One neat trick I learned while doing my music degree at UVic was that you can make audio sound like it's played in a room by taking it's convolution with the impulse response of a room. Want to pretend that you're singing karaoke in the Sistine Chapel, or the Met opera hall? All you need to do is go to those places and record a clap. That's it -- a single clap ("an impulse") is enough to make any piece of audio sound like it was played in that environment.

When I heard that, I was like "woah!" [sic -- I'm trying to write like a UVic music undergraduate].

But it didn't really sink in, because I hadn't actually tried doing it myself. Like so many parts of mathematics, it doens't make sense until you do it yourself. (which makes this whole blog post rather pointless, of course)

The really cool thing, though, is that this applies to small things, not just big rooms. In particular, it applies to the violin body.

So my supervisor and I went down to the basement, wandered past all the liquid nitrogen (or whatever was in those tanks) and hopped in the anechoic chamber. After plugging in my supervisor's eee 901 netbook into the microphone that somebody left in the room, I hit the violin a few times with a dirty tea-spoon that we grabbed from our lounge.
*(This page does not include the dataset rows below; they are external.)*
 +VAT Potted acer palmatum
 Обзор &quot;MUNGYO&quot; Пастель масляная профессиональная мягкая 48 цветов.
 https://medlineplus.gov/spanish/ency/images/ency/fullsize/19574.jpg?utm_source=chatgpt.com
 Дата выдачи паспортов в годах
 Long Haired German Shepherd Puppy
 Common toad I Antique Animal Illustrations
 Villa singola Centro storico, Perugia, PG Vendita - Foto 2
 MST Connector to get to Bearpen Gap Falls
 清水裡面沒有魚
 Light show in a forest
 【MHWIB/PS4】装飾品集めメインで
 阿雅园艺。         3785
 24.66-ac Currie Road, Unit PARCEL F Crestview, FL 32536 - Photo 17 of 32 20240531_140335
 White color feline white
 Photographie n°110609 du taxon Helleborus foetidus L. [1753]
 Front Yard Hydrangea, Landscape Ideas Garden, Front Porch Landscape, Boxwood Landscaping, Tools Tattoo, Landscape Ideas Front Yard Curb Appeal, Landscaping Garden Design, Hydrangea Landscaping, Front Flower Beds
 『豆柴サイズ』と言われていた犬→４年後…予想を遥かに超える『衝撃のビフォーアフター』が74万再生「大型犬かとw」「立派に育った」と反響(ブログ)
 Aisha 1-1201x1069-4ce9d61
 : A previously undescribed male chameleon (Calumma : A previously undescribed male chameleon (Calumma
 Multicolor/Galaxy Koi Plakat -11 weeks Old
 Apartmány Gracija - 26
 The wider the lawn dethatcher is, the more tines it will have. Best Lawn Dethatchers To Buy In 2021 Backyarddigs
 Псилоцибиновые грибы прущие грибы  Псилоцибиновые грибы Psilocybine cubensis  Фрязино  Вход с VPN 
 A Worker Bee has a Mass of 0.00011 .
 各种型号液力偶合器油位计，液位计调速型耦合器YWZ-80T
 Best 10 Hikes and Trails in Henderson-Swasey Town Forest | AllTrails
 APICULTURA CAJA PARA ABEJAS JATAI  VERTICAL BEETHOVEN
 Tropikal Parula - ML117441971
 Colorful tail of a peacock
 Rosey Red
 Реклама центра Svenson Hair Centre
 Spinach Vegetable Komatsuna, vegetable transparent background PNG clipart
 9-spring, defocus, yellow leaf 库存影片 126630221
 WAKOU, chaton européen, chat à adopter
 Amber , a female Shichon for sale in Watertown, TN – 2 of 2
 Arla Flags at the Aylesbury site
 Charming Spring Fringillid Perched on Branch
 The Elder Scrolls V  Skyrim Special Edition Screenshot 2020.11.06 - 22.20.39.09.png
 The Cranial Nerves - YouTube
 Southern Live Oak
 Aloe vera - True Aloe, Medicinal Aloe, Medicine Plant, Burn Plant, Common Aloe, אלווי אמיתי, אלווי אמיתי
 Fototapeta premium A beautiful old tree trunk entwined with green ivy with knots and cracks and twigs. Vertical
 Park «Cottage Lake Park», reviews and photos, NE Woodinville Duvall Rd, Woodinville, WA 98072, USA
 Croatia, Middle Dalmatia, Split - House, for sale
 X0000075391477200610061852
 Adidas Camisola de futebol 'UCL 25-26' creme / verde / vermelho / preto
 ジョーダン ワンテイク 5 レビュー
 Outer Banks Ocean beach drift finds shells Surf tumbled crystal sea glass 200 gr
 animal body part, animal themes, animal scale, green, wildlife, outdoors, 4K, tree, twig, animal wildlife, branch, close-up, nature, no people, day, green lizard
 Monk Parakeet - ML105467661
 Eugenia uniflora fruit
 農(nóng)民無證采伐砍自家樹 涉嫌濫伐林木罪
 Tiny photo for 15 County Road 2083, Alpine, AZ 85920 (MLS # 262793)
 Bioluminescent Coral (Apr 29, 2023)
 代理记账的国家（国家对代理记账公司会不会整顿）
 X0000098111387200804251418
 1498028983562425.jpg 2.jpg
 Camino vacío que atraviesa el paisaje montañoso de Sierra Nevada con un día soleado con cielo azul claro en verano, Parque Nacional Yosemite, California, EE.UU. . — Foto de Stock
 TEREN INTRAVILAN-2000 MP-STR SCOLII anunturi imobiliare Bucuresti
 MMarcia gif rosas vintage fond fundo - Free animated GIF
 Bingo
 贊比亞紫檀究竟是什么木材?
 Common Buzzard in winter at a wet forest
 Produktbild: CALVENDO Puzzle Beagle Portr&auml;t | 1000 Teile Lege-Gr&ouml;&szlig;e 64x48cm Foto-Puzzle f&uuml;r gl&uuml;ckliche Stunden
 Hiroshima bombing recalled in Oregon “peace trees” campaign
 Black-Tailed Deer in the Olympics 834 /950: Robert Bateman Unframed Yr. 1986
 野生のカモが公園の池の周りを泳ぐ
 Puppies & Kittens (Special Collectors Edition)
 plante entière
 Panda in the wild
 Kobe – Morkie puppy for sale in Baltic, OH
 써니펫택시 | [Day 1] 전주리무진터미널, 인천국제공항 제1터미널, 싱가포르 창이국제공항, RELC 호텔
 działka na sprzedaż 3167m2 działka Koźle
Yeah. In the Centre for Music Technology, we're just that hardcore. A week ago previous, we ended up measuring the weight of the violin bow using a flat piece of metal (the leg of a speaker stand) as a lever, a ball-point pen as fulcrum, and a slightly-drank pint of milk as the counter-balance to the bow.

We went back upstairs, isolated one of those taps, and filtered it at 80 Hz to get rid of some background noise. (hey, there's noise everywhere, even in an anechoic chamber!)

Here's the resulting sound:


If you think you missed something, nope -- that tiny click is all there is. It's 2048 samples long (slightly longer than 46 millisceonds), and that's actually way longer than it needs to be. Now we just need to convolve those two pieces of audio together.

The C code that does the magical convolution was simplicity in itself:

double ViolinInstrument::body_impulse(double sample)
    body_ringbuffer[body_write_index] = sample;
    double result = 0.0;
    unsigned int bi=body_read_index;
    for (unsigned int ki=0; ki < PC_KERNEL_SIZE; ki++) {
        result += body_ringbuffer[bi] * pc_kernel[ki];
        if (bi >= PC_KERNEL_SIZE) {
            bi -= PC_KERNEL_SIZE;
    return result;

... ok, it you're not a programmer, that probably doesn't look simple. The only important thing to note is that we're multiplying two numbers together, then repeating that process, and adding up all the results together. And also note that the two numbers we're multiply together are simply the raw samples.

(if you know the math and you're worried about the reverse+shift... don't be! That's done by the physics. The second function isn't actually the recorded "bonk" noise; the "bonk" noise itself is already the reverse+shifted version of the function)

The end result of the multiple+add is this:


Sounds much more like a violin, right? I think the mic placement wasn't ideal, and it was a really cheap violin, but we can make more records later with other violins. The important thing is that the basic system is working... and that multiplying a simple tea-spoon-bonk can magically change the sound in this way.

Oh, and I absolutely cannot resist adding a link to my favorite (and sadly no longer updated) web-comic, talking about convolution: a magical superpower. (the clown is the supervisor -- this will be obvious to anybody in academia)